No wonder she likes staying with you, if it's all expenses paid!

In future, no expensive outings. Go to the park and take a flask of coffee. If she complains, just say that you and OH are trying to cut back on unnecessary expenditure.

JANEY205 · 02/03/2025 19:39

My husband and my Mum/MIL take turns paying. But my husband always pays for his adult sisters and will always treat his mother as much as possible. So depends on culture! Are you all British? My British mother always offers to pay for me and my kids but has less money so my husband treats her too.

Quicksilver15 · 02/03/2025 19:43

A 1 year old doesn’t really need pay for attractions, they even like garden centres with fish tanks. We are stil going 90% free attractions with our now 5 year old! Admittedly I do plan around usually one cafe stop when the relatives come.

I would really just take pack lunches everywhere, coffee in a flask and opt for free attractions & occasionally just drop it in that we don’t have money for luxuries these days.

Ilovethatbear · 02/03/2025 19:44

This is bizarre to me.

My DC are mid twenties and I always pay for all of us if we go anywhere with their DPs.

I even pay for us all to go on holidays.

You need to do free stuff and if she says anything, say you can’t afford much at the moment. Cheeky cow!

BashfulClam · 02/03/2025 19:45

Yeah my mil does this. Always stands back to let us pay the bill. She’ll suggest going for a tea, fair enough but then she’ll order a breakfast and a cake too. We’ll maybe have a can of coke as that’s cheaper. Then she expects us to pay for something we haven’t budgeted for. She also to think our car is a free taxi available for her use anytime. I let DH pay as it’s his problem.

I had a few ‘round dodger’ pals in my teenage years too. I remember us all standing there awkwardly with empty drinks waiting as it was one girls round. Eventually one of us went for another round so she effectively had a free night out. I seethed until we got in a taxi and then said ‘x since you didn’t buy a round all night I think it’s only fair you pay for the taxi !’ She snapped ‘I was going to anyway!’ Hmm well it’s weird that you didn’t mention it and the taxi cost less than the 2 rounds she skipped.

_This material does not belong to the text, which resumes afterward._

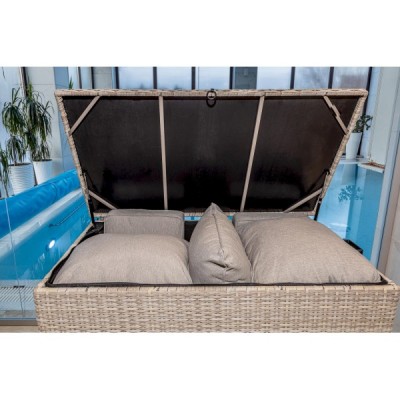 Сундук для хранения KARL 120 с колёсиками, бежевый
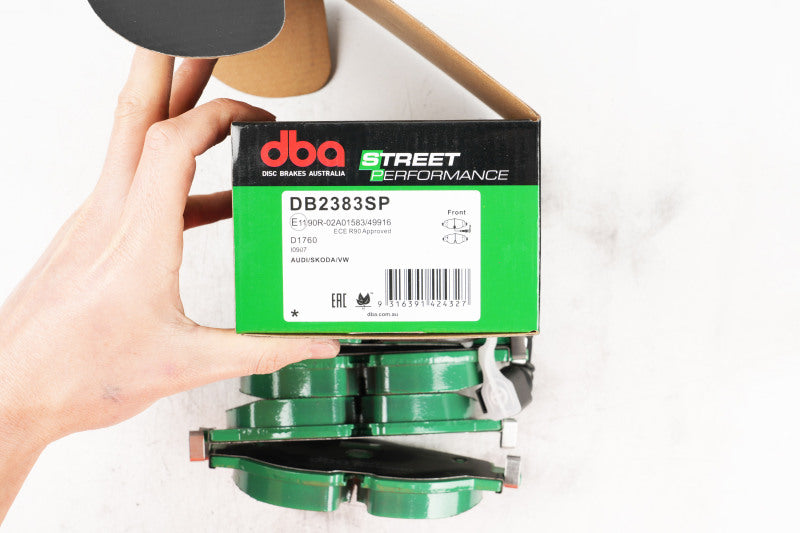 DBA SP Performance Brake Pads - DBA 15-19 Audi A3 (w/288mm Front Rotor) SP Performance Front Brake Pads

Cakeandusername · 02/03/2025 19:45

I think you need to agree with husband to nip in bud now. Longer it goes on harder it will be. If she mentions museum say yes it was nice but not something we can do a lot as it was £x.
I’d search for places with free entry or just park and take food/drink.
If she suggests something that costs say sounds nice but will be a bit pricey so let’s not. If she hints at lunch or coffee out day oh we can eat at home.
If your costs are high with nursery I’d be very honest how much they are some older people have no idea.

Porcuporpoise · 02/03/2025 19:46

Starry4321 · 02/03/2025 19:16

Can’t really reduce her visits as I feel DH would start to have an issue with her coming around less. We have discussed the financial aspect and he agrees she should pay her way but it’s a very awkward conversation for some reason.

In which case just go cheap. Beans on toast and the park. No meals out and don't buy her ticket for paid attractions.

Bunny44 · 02/03/2025 19:47

Is it that she is old fashioned in that she expects your DH to pay and look after his mother? Is she widowed and her husband used to look after everything financial?

Just wondering as I can imagine some older women are like this and I know in some cultures it's definitely the norm that a grown son would cover his mother in such situations.